The act also encourages employees in the public sector to come forward if they have reason to believe that serious wrongdoing has taken place, and it provides protections for employees against reprisal when they do so.
The act therefore addresses issues that are both complicated and highly sensitive in nature, with the result that the legislation itself is complex.
That said, I would welcome any proposals your committee might make to simplify this legislation.
To date, I've read the testimony. I know your committee has heard testimony from a very diverse group of witnesses and I think you should be commended for considering such a wide variety of perspectives.
The challenge before your committee as it weighs the evidence is a very important one, and I'm very much looking forward to your committee's recommendations for improving the legislation and how it functions. I recognize that there are areas where the act could be improved. It has been in place now for almost 10 years. It is to be expected that, during this time, issues in its administration, the mechanics of its procedures, or in the scope of what the legislation covers would become evident and I think you've found a few.
For example, it has become apparent that it is important to protect not just the discloser, but others who may be associated with the case, even if that association is mistaken.

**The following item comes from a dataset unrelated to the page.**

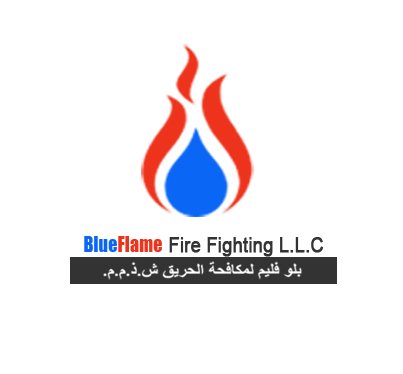 BLUE FLAME FIRE FIGHTING LOGO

Mr. Chair, I also agree that the legislation should make it as easy as possible for someone to come forward and to be protected when they do.
Options might include simpler and more direct access to the Public Servants Disclosure Protection Tribunal, or the implementation of a reverse onus for the employer to prove that no reprisal has taken place.
It is worth noting that several witnesses have also echoed the importance of having different disclosure channels available. Several technical recommendations have also been brought forward by the stakeholders you've heard from to address some of the specific areas of the act as it now stands.
Another issue to be considered is whether there is sufficient direction in the legislation around the investigation process for internal disclosures and perhaps how these investigations might be appropriately related to the disciplinary investigations of individual wrongdoers.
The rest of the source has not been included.